Client Node Tuning¶
Parallel Network Requests¶
Each BeeGFS client establishes multiple network connections to the same server, which allows the
client to have multiple network requests in flight to this server.
The number of connections from a particular client to the same server can be configured by setting
the value of connMaxInternodeNum
in /etc/beegfs/beegfs-client.conf
.
Increasing the number of connections may improve performance and responsiveness for certain
workloads. When increasing the value, it is extremely important to keep the resulting RAM usage for
network buffers on the servers in mind, especially for InfiniBand and larger cluster setups.

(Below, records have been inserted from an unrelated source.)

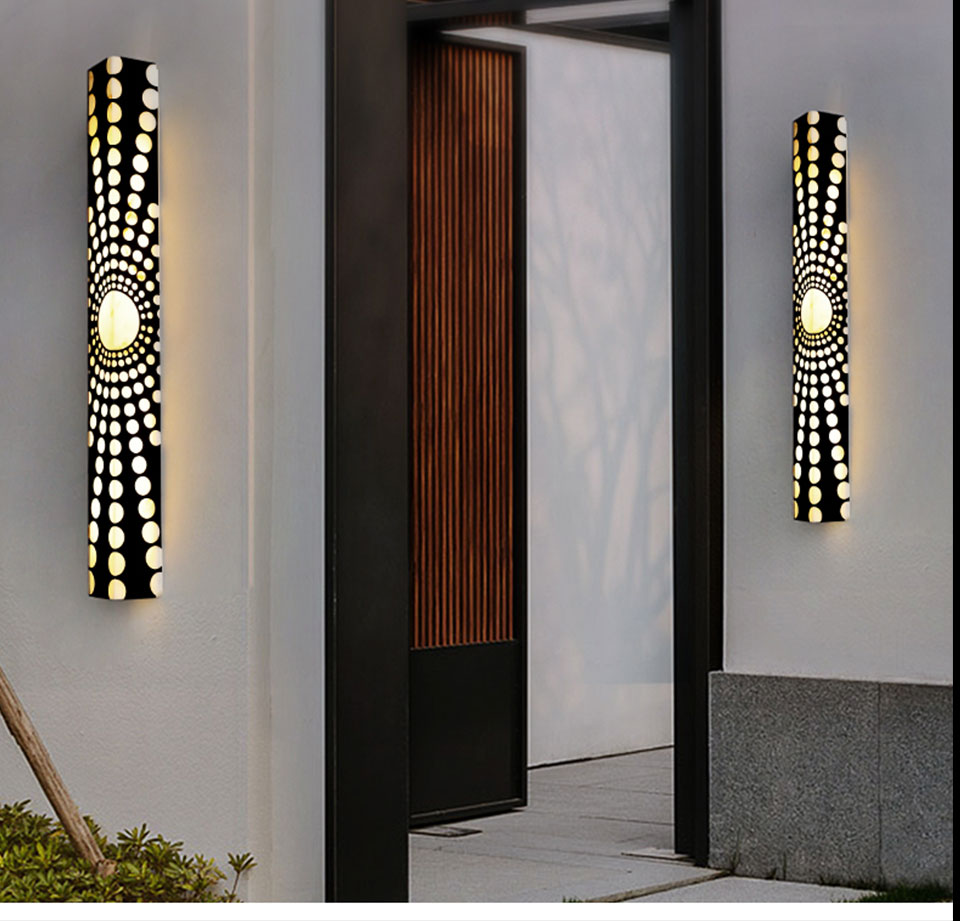 Outdoor Light IP65 waterproof Imitation marble stainless steel Wall Lamp Garden porch Sconce Lighting 110V 220V Sconce Luminaire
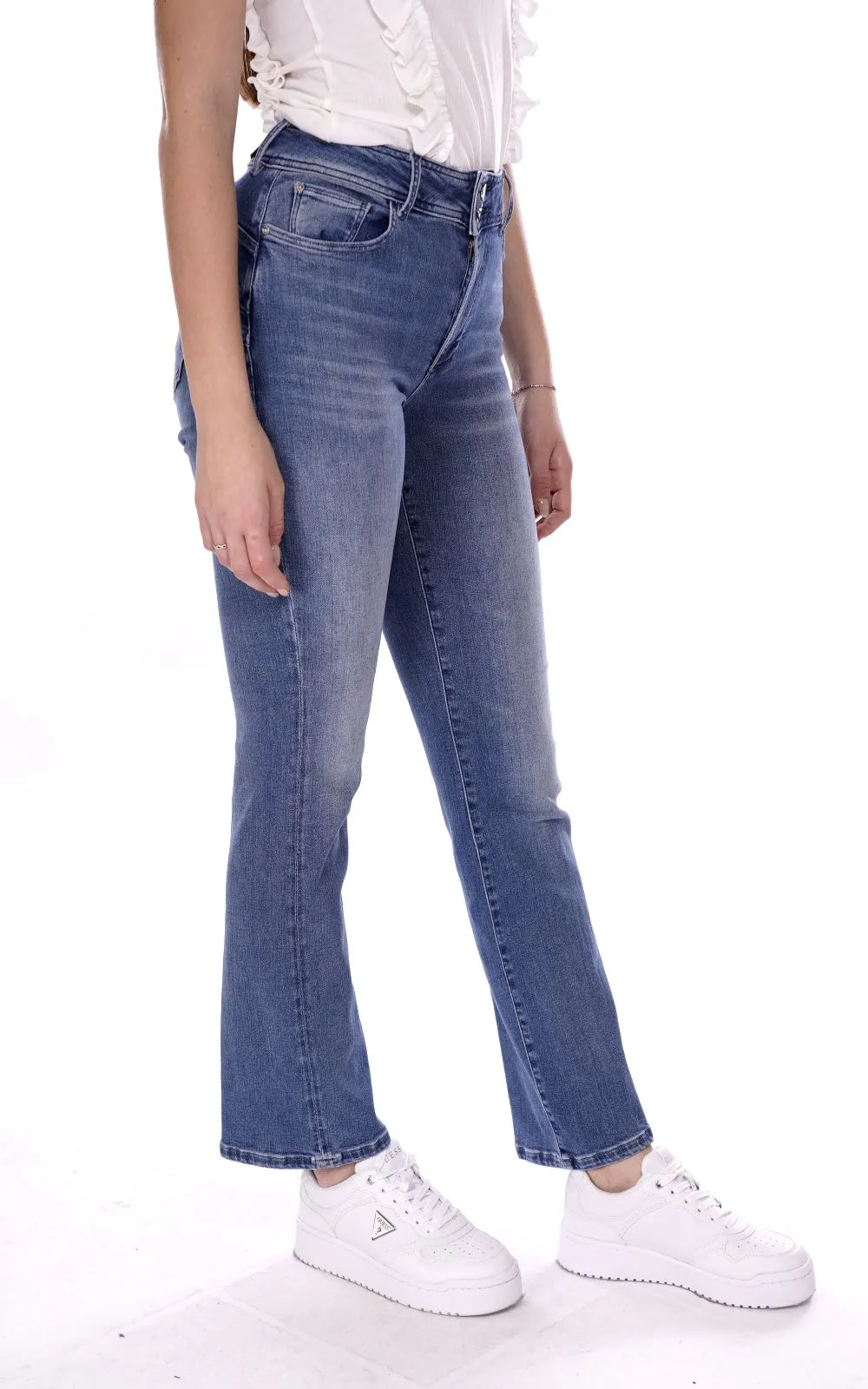 Guess Pantalone Blu Da Donna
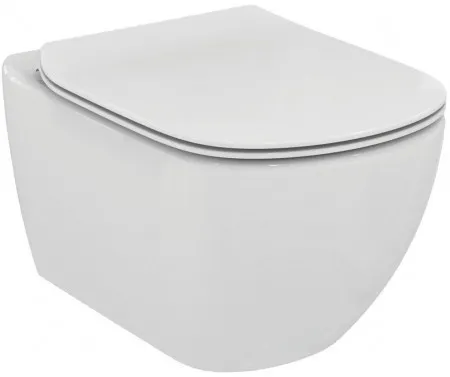 CERSANIT predstenový inštalačný systém s čiernym tlačidlom K97-0637 + WC Ideal Standard Tesi so sedadlom SoftClose, AquaBlade K97-526 0637 TE1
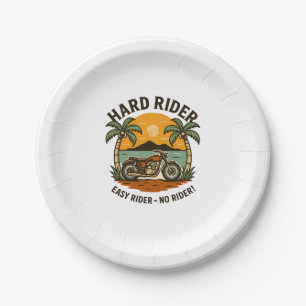 Hard Rider Summer Paper Plate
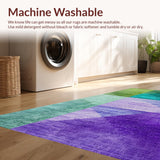 Ultra Soft Area Rug, Non Slip, Stain Resistant, Washable Area Rugs for Living Room, Bedroom, Vibrant Retro Home Office Plush Area Rug(Green)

Make
sure to read the comments for connMaxInternodeNum
and connRDMABufSize
in
beegfs-client.conf
to learn more about the server-side RAM usage. Note that connRDMABufSize
needs to be an integer multiple of 4 KiB. On a compute node, it usually doesn’t make sense to set
this number higher than the number of CPU cores. On a cluster login node, setting this value higher
than the number of CPU cores may help to improve responsiveness when multiple users are active.
BeeGFS clients establish connections only when they are needed (and drop them after some idle time).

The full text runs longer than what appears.